(27 June 2014) Months of cost-containment efforts, aimed at restoring Brock’s financial health, helped the University get its 2013-14 funding deficit down to $765,000 — much less than the $14.5-million shortfall original budgeted.
People all across the Brock community deserve the credit for working together to shrink the deficit.
At its annual meeting on June 26, Brock’s Board of trustees approved the final audited financial statements for 2013-14 that showed a $6.5-million surplus for the year.
The difference between the $765,000 deficit and the $6.5-million surplus comes down to the difference between cash accounting and accrual accounting. To learn more about the difference, see the 2014-15 Brock Budget Book. While the accrual accounting result is positive, Brock manages to the funding budget, as it represents the structural cash requirements of the University to pay the bills. What this means is Brock’s structural cash flow is still running a deficit.
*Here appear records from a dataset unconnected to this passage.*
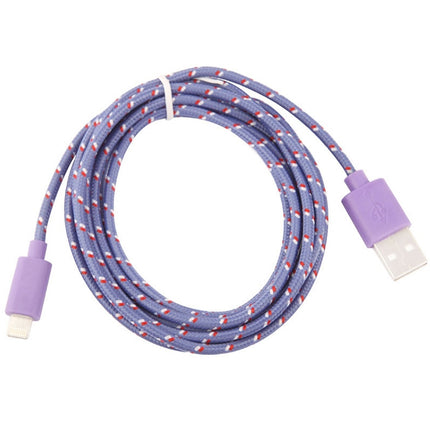 2m Nylon Netting USB Data Transfer Charging Cable For iPhone, iPad(Purple)-garmade.com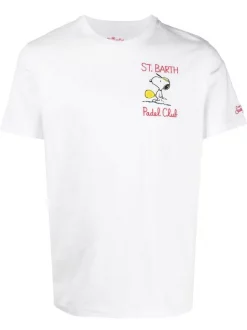 ( Neue Saison ) MC2 Saint Barth 00796B EMB SNOOPY PADEL 01N X Peanuts™ Snoopy Padel Club T-Shirt Herren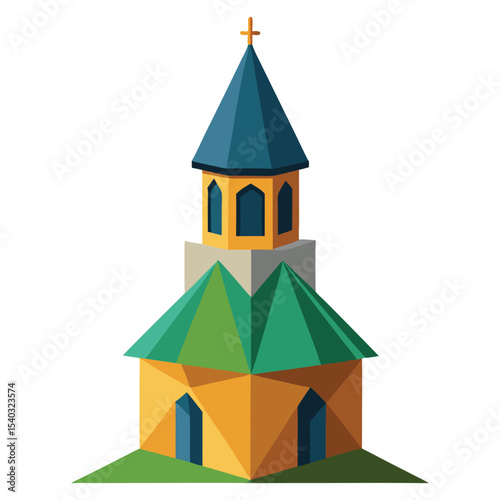 Polygonal church tower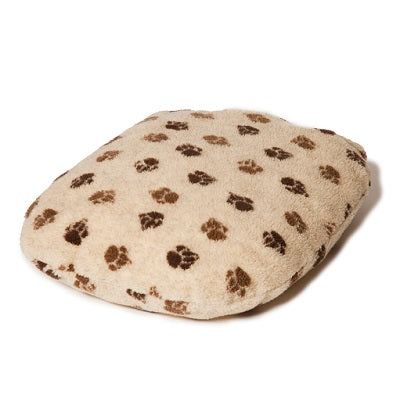 DD Fleece Beige Brown Paw Fibre Bed S3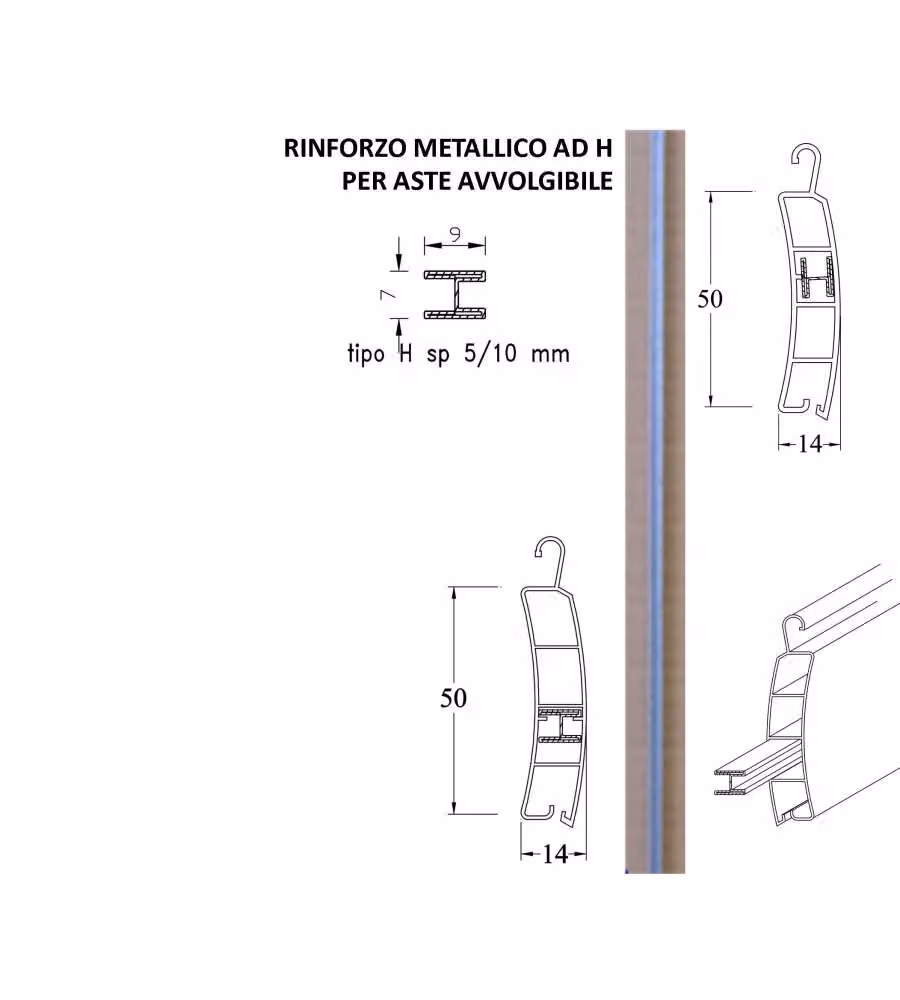 Rinforzo per aste in PVC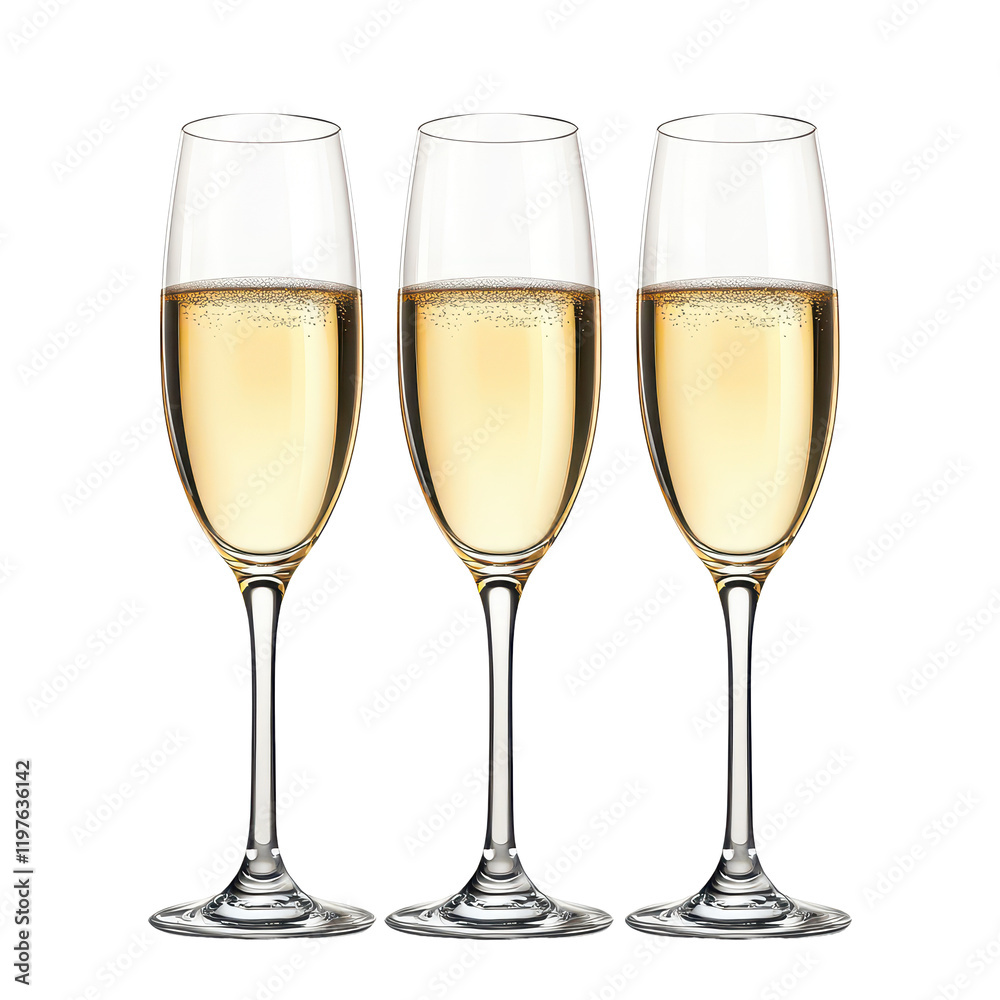 Three elegant champagne glasses filled with sparkling drink, perfect for celebrations and special occasions, an art realistic three glasses champagne isolated, transparent background. Three elegant champagne glasses filled with sparkling drink, perfect for celebrations and special occasions, an art realistic three glasses champagne isolated, transparent background.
The University — which still has $41-million in accumulated deficits and $135-million in external debt obligations — is looking at another year with a funding shortfall.
At its June 26 meeting the Board also approved the 2014-15 funding budget with a $3.2-million deficit. The Board’s approval was conditional on the deficit being eliminated in-year, through mitigation efforts that include continuing the six-month hiring delay.
The $3.2-million deficit figure for 2014-15 does not include any cost increases resulting from collective bargaining. There are three collective agreements being negotiated this year, the largest being with the Faculty Association.
Brian Hutchings, Vice-President, Finance and Administration, said “The Brock community has pulled together on this budget challenge. After we explained the situation, and held the (April 9) Town Hall meeting, we had a lot of great input. Brock people assessed the situation for themselves, and many had sensible responses. They became part of the solution, accepting change and finding efficiencies, all for the greater good.
“We are not out of the woods. Brock has a large deficit and a debt load, and several years of hard work ahead of us to make the university strong and in control of its future. But when everyone joins in, we will get there.”